Cuando Brassaï comienza a fotografiar París, Atget acababa de morir. Lo que a este último lo llevó a las calles (las radicales transformaciones en el trazado de la urbe impuestas por el barón Haussmann), se transforma en Brassaï en una voluntad de perpetuar el mito, quizás hasta el tópico. El París canalla de muchos cuadros impresionistas exigía una versión fotográfica que no se contentase con recrear escenas, lugares y personajes. Y sin embargo, tenían que estar los principales secundarios: los bebedores de absenta de mirada perdida, las busconas, los conciliábulos de maleantes, las esquinas perniciosas y el caos fuera del cono lumínico de la recién inaugurada electricidad a pie de calle.
William Morris no decoraba solo interiores, ¡qué va! Aspiraba a transformar la sociedad entera a través de un misticismo que nos impregnase –y nos mejorase- a todos. La producción en cadena se había impuesto, pero para él lo hermoso –en un sentido que quizás Loos hubiese denostado- debía de ser una aspiración natural del hombre, sin importar su nivel adquisitivo.
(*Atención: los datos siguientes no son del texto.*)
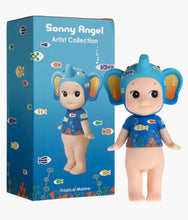 Load image into Gallery viewer, Sonny Angel - Artist Collection - Tropical Marine Elephant
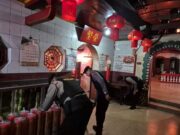 Polres Kediri Kota Pastikan Keamanan Perayaan Imlek 2576 Kongzili Img 20250129 Wa0016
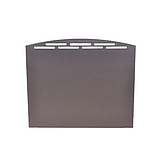 Знищувач комах з клейким папером Pomel Petit (сталь), фото 2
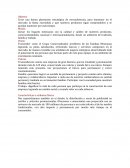 Admon. de Negocios - Caso de estudio.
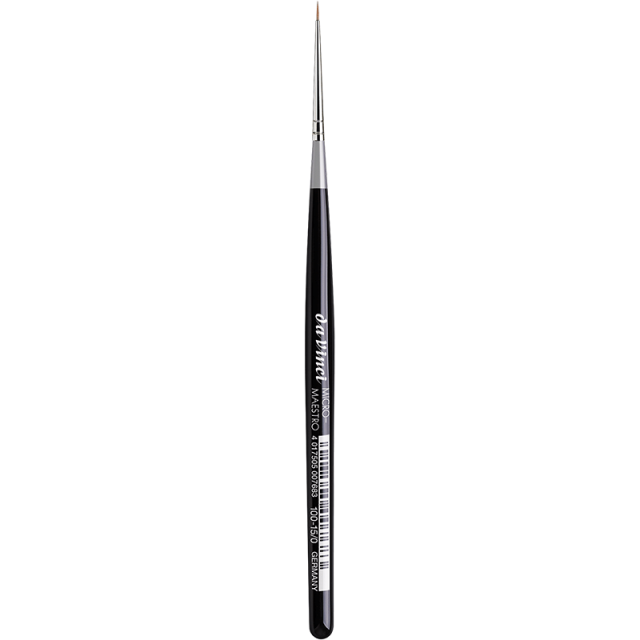 Da Vinci Serie 100 Micro-Maestro, 15/0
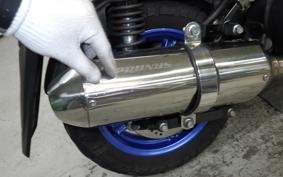 YAMAHA BW S125 Gen.2 2008 SEA6J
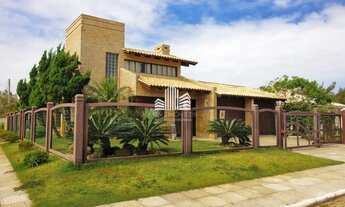 Imagem: Xangri-la - Casa Padrão - Remanso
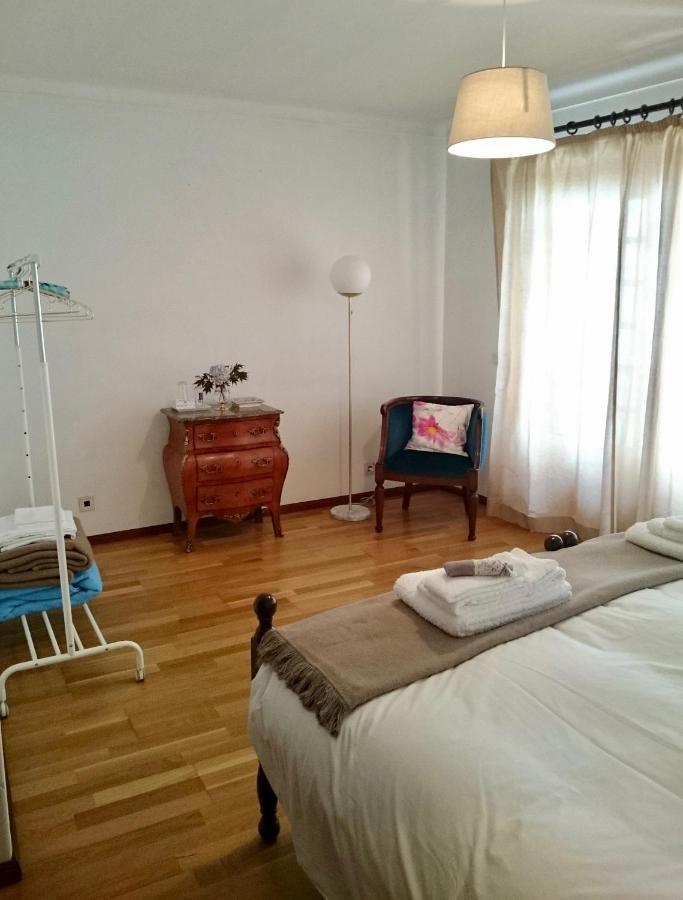 House In The Town Centre Villa Caminha Ngoại thất bức ảnh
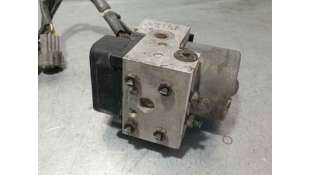 ABS NISSAN PRIMERA BERLINA 2.0 Turbodiesel (90 CV) DE 1997 - D.4560048 / 476002F000 2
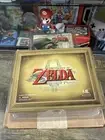 The Legend Of Zelda Twilight Princess Master Sword & Hylian Shield 1/6 Scale NEW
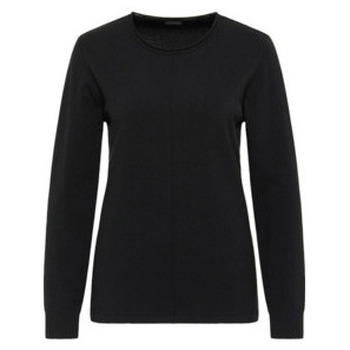 Barbara Lebek  Pullover Rollkragenpullover für Damen in schwarz günstig online kaufen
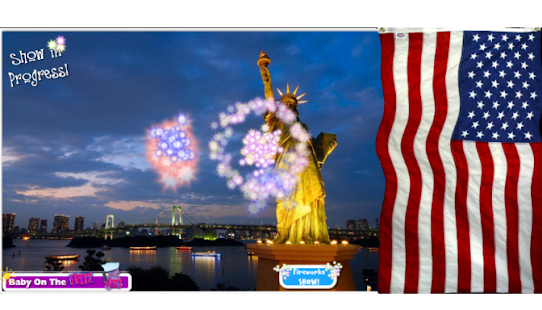 FRITZ Fireworks! Screenshots 8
Todos debíamos de aspirar a vivir rodeados de cosas que fuesen prácticas o, en su defecto, de enseres que nos reportasen un cierto goce estético.
Morris, Marshall, Faulkner & Co. miraba hacia atrás sin ira: vendía diseños clásicos, retomaba patrones y alegorías conocidas –desde los retablos de tallos enmarañados a los mitos artúricos- y osaba tratar al artesano como un artista. Los más pudientes estaban dispuestos a pagar por esta distinción para engalanar sus dormitorios, pero no a incrementar los salarios de mera subsistencia de sus obreros fabriles, muchos de ellos antiguos artesanos. El triunfo comercial de Morris demostró que el capitalismo ya estaba férreamente implantado: el bien de consumo podía venir patrocinado por las mejores intenciones, pero no perdía por ello su condición de objeto deseable y adquirible. Ah, y por los mismos sobre los que se ejercía la supuesta crítica.
El trabajador se había transformado en una mera máquina y los profesionales liberales –que se creían a salvo por el mero hecho de haber obtenido una “cualificación”- le vieron las orejas al lobo. Los propios principios del racionalismo arquitectónico propugnado por Loos (simpleza en las formas, multifuncionalidad de los espacios, empleo del acero, el hormigón y el vidrio) se acabarían convirtiendo en leitmotivs de la producción en masa. Porque sencillamente era más económico.
Brassaï, demiurgo final de este triunvirato casual, quiso que su manera de mirar reflejase también una manera de vivir. Quizás había leído demasiada literatura, quizás –como el idealista Morris, como el gruñón Loos- no fuese más que un romántico convencido de poder perpetuar lo mejor de un tiempo pasado, sin saber que se acabaría convirtiendo, paradójicamente, en un icono de la modernidad para sus contemporáneos. Gárgolas vigilantes, las luces de los faros barriendo el asfalto todavía mojado, la neblina junto al Sena, un encuentro que nunca era casual, lupanares con vistas a la torre Eiffel y unas sombras sublimadas por el blanco y negro.
Traicionado su espíritu o no, podemos encontrar algo de este “Morris para el pueblo” en el credo de la depredadora Ikea. Incluso podríamos decir que Loos ha triunfando plenamente, cuando 90 años después de su villa Müller comienzan a ejecutarse construcciones básicas partiendo de diseños imprimibles en 3D. ¿Y acaso hay algún fotógrafo aficionado que no haya intentado sacar una instantánea morrocotonuda jugando con los charcos de agua al atardecer? Parece tan fácil con la cámara adecuada…
Lo peor de nuestros tiempos quizás sea eso: hacernos creer que no hace falta oficio para ser (perdón, parecer) brillante.